1945. Il y a cent cin­quante ans nais­sait Fan­ny Wright. Il y a cent ans Kas­par Schmidt pro­cla­mait qu’au-des­sus de toutes choses, l’in­di­vi­du seul importe et non les idoles abs­traites qui encombrent le temple de la vie. Tan­dis qu’il for­mu­lait et déve­lop­pait ses convic­tions, Fan­ny Wright se ren­dait célèbre dans tous les pays de langue anglaise. Révol­tée, héré­tique, com­bat­tant pour les réformes, elle se don­nait sans comp­ter : mais quel mes­sage a‑t-elle à nous adres­ser aujourd’­hui ? Est-ce : De consa­crer le meilleur de soi-même à toute bonne cause qui nous inté­resse ? D’être pro­digue de notre éner­gie quand il est ques­tion d’une réforme ? De ne pas perdre de temps à réflé­chir sur toutes les don­nées des grands pro­blèmes que nous avons à résoudre ? De mépri­ser l’homme qui veut être cer­tain qu’en fin de compte tout ce qu’il entre­pren­dra por­te­ra du fruit ? Et qu’il ne sera pas balayé par le pro­chain vent de contro­verse ? Voi­ci com­ment Stir­ner aurait cri­ti­qué Fan­ny Wright : — comme une femme qui pas­sa tant de temps à « libé­rer » et a « réfor­mer » les dif­fé­rentes classes de la socié­té qu’il ne lui en res­ta plus pour se deman­der ce que devait signi­fier « la Liber­té » pour les hommes et les femmes, pris individuellement. 

Les Wright et les Stir­ner sont avec nous aujourd’­hui.
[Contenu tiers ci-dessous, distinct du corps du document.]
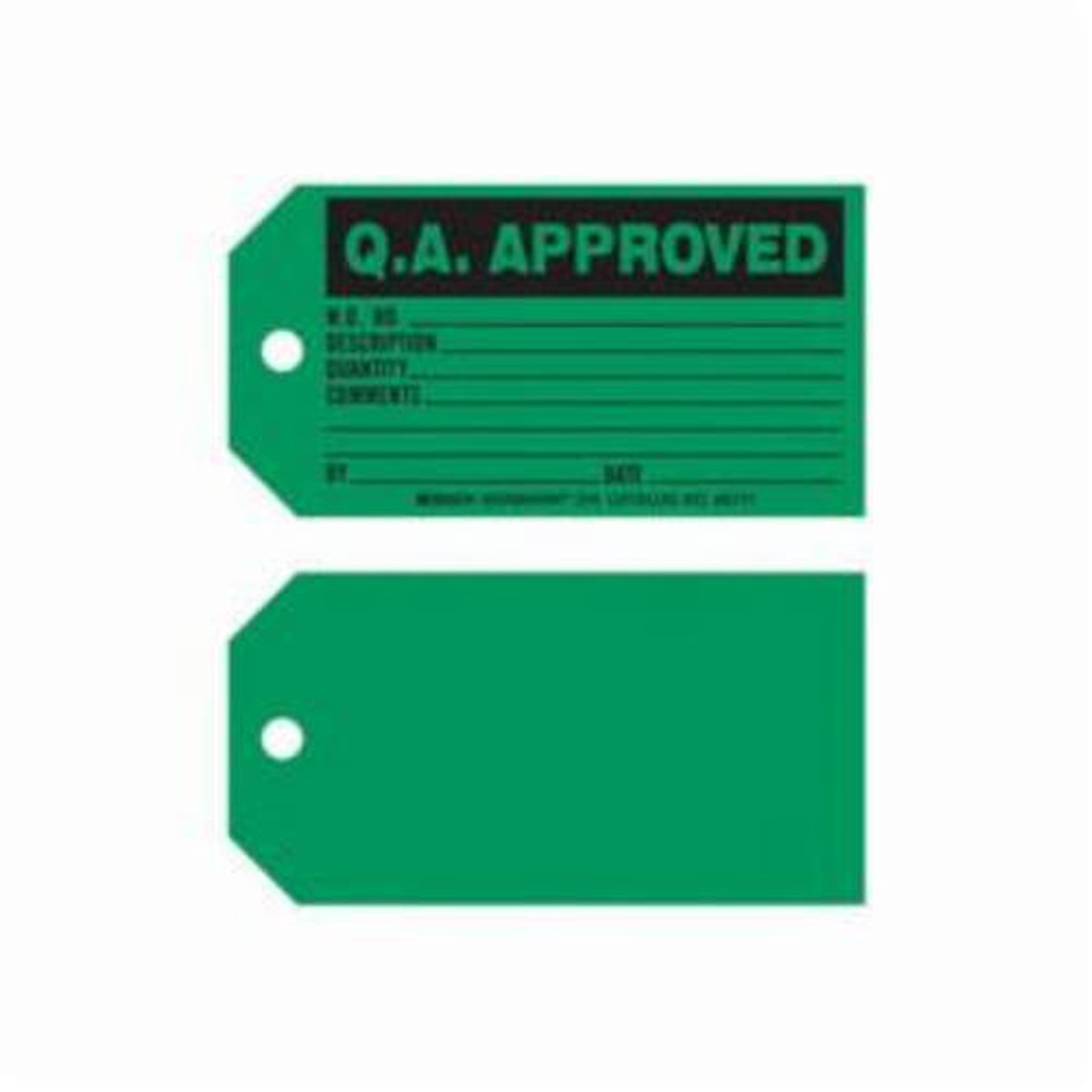 ""Q.A. Approved"" Production Tags - SX394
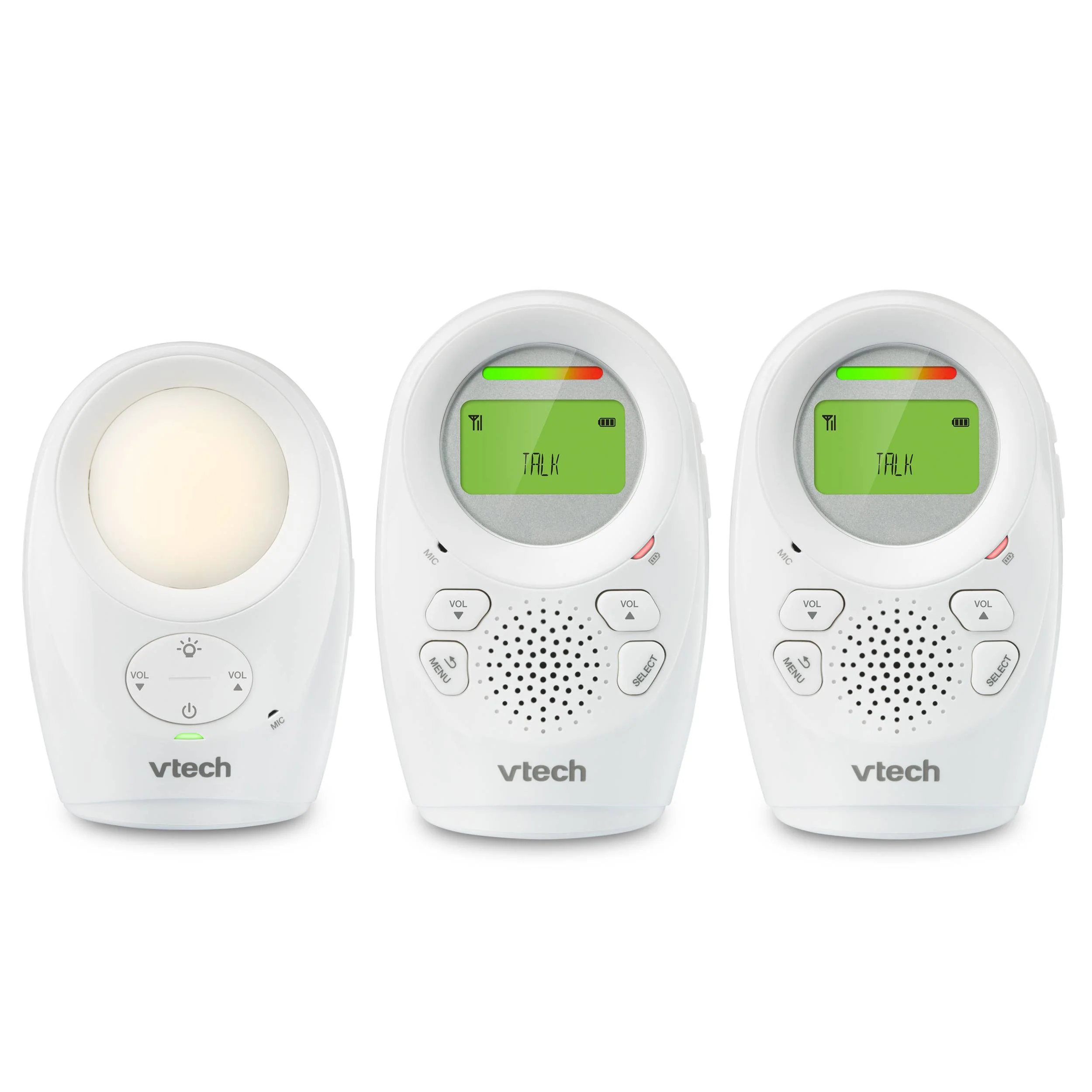 VTech DM1211-2 Enhanced Range Digital Audio Baby Monitor with Night Light, 2 Parent Units, Silver and White - Image 1
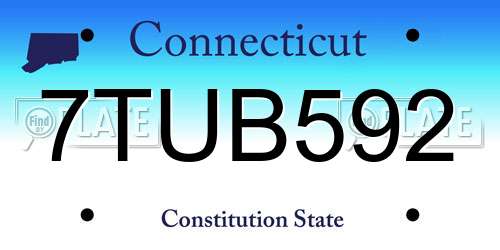 7TUB592 Connecticut License Plate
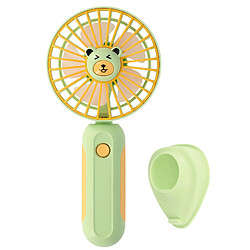 Avizar Mini Ventilateur de Poche Design Tête d'ours avec Support Bureau Vert Citron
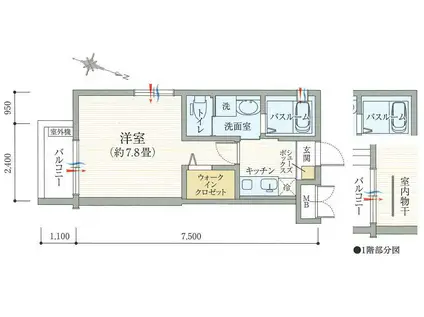 ワコーレヴィータ六甲道NORHT(1K/1階)の間取り写真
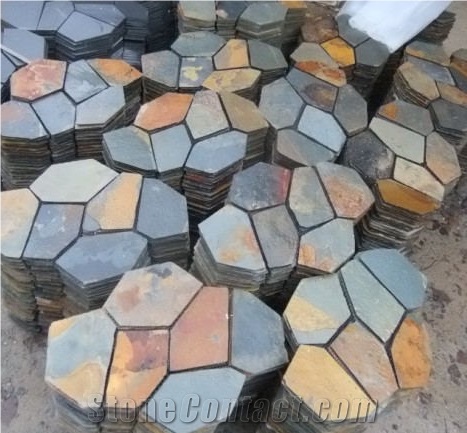 China Multicolor Slate Cobble Stone/Rusty/On Mesh/Walling/Paving/Flooring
Abs­trai­te­ment par­lant, ils repré­sentent les aspects actif et pas­sif de l’es­prit de pro­grès. Jus­qu’à ce qu’ils s’u­nissent, le monde conti­nue­ra à souf­frir, car la femme qui agit inces­sam­ment sans jamais réflé­chir est aus­si futile que l’homme qui, déte­nant une grande véri­té, née et gran­die dans son propre cœur, ne veut pas s’en ser­vir comme d’une arme auda­cieuse en faveur des causes qu’il sent et sait être justes. Or, ce fut vrai­ment le cas de Stirner.